L’impact sur le terrain : une éthique vécue, pas théorique
Ce comité, ce n’est pas un cénacle de sages hors sol. Comment s’assurer que vos réflexions ne restent pas théoriques, mais qu’elles influencent vraiment les pratiques des soignants ?
L’une des missions de notre comité est d’aider à la diffusion de la culture éthique dans tous les établissements et auprès de tous les professionnels de notre groupe. Cela signifie deux points principaux : tout d’abord de travailler sur les méthodes de transmission de cette démarche (à la fois par des formations, des écrits, des journées d’études, la rédaction d’avis et de recommandations…), mais également par l’analyse des conséquences de ces actions (créations de comités d’éthique dans des établissements ou entre des établissements qui n’en n’ont pas encore, augmentation des demandes de formation à l’éthique, saisines de notre comité sur des questions transversales…).

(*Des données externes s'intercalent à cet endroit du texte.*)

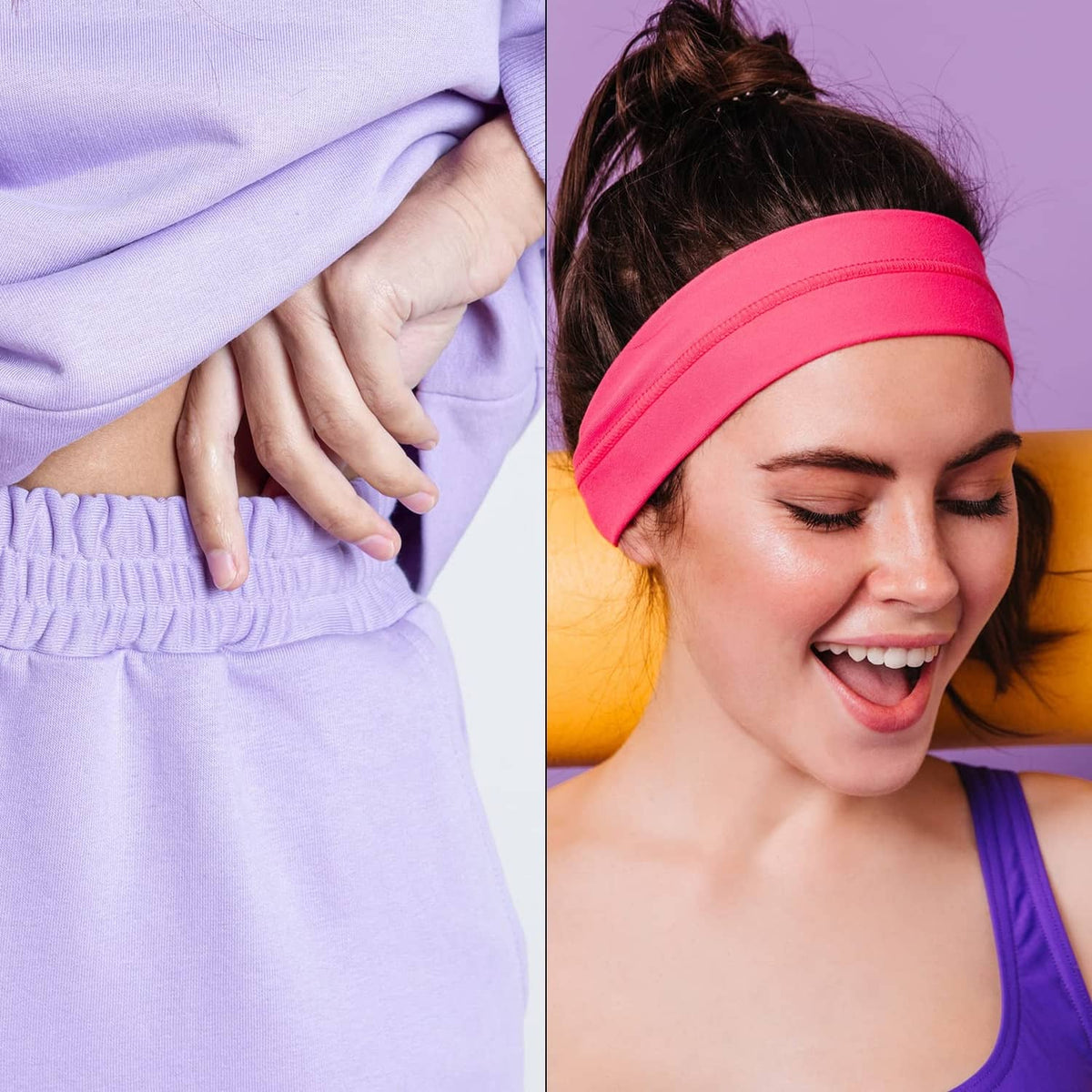 Elastic headband worn by model and elastic gathered fabric on clothing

Ne pas rester « hors sol » implique, pour notre comité, de multiplier les initiatives à destination des professionnels et de répondre, le plus rapidement et le plus concrètement possible, aux sollicitations qui nous sont adressées.

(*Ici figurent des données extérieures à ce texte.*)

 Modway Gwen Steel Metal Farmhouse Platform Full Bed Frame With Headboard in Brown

Peut-on imaginer un jour un « référent éthique » dans chaque établissement, un peu comme on a un médecin coordonnateur ?
Il faut être prudent avec cette notion de « référent éthique ». Dans les entreprises, il existe déjà différents référents prévus par les textes : référents handicap, numérique, harcèlement, qui vont expliquer les textes et orienter les personnes concernées vers les bons interlocuteurs. Par nature, un avis éthique ne peut se construire que par une discussion entre un nombre suffisant de personnes permettant de faire émerger des points de vue différents. Si le référent éthique est considéré comme la personne à laquelle les professionnels peuvent s’adresser pour obtenir tout de suite une réponse éthique, cette pratique ne sera pas éthique car la réponse, si bienveillante soit-elle, ne correspondra qu’à l’avis d’une personne. En revanche, si le référent éthique accompagne les professionnels dans la saisine d’un comité d’éthique et les aide à formuler leur questionnement éthique, cette mission sera essentielle.

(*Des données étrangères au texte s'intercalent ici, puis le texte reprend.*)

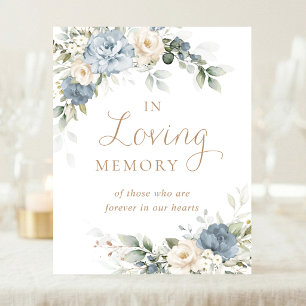 Floral Dusty Blue Greenery In Loving Memory Sign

Si vous deviez définir la réussite du comité d’éthique dans un an, qu’aimeriez-vous pouvoir dire ?
Que les membres de ce comité ont approfondi leur manière de travailler ensemble, que ce comité a commencé à vraiment diffuser l’importance de l’éthique dans tous les établissements, que tous les professionnels, les résidents et leurs familles se sentent concernés et aidés par l’existence de ce comité.